The RBI’s Scale-Based Regulation framework aims to strengthen the resilience of the NBFC sector while ensuring financial stability. A proactive and well-structured compliance strategy helps NBFCs mitigate risks, enhance credibility, and sustain long-term growth. As company secretaries, our role in ensuring governance, regulatory adherence, and strategic advisory is instrumental in navigating this evolving landscape. A meticulous approach to compliance planning, coupled with continuous engagement with regulatory authorities, will enable NBFCs to operate within the regulatory framework effectively while fostering trust among stakeholders.

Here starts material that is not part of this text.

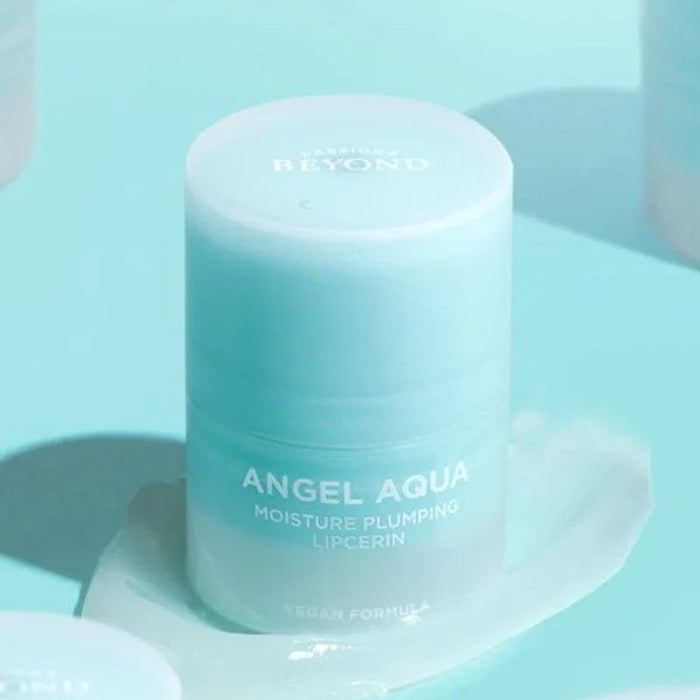 [BEYOND] Angel Aqua Moisture Plumping Lipcerin 15ml - Ballagrio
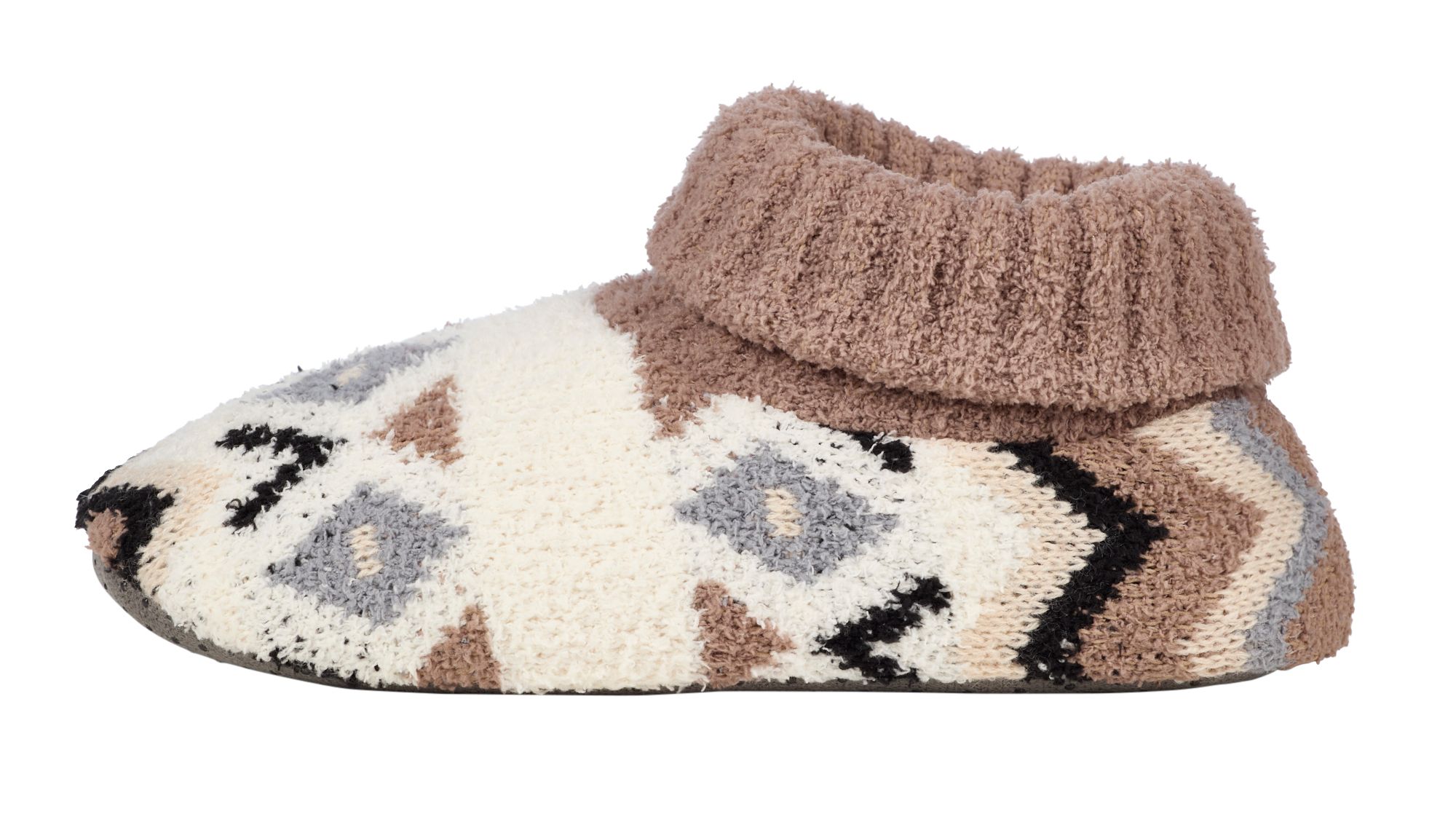 Northeast Outfitters Cozy Cabin Women's Diamond Booties product image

“A well-planned compliance strategy fosters trust, mitigates risks, and ensures sustainable growth for NBFCs.”

Disclaimer:
The content of this article is intended for informational purposes only and should not be construed as professional advice. While we strive to ensure the accuracy and reliability of the information provided, we make no warranties or representations regarding its completeness or applicability. Readers are encouraged to seek professional guidance tailored to their specific circumstances. The views and opinions expressed in the article are those of the author and do not necessarily reflect the official policy or position of our organization.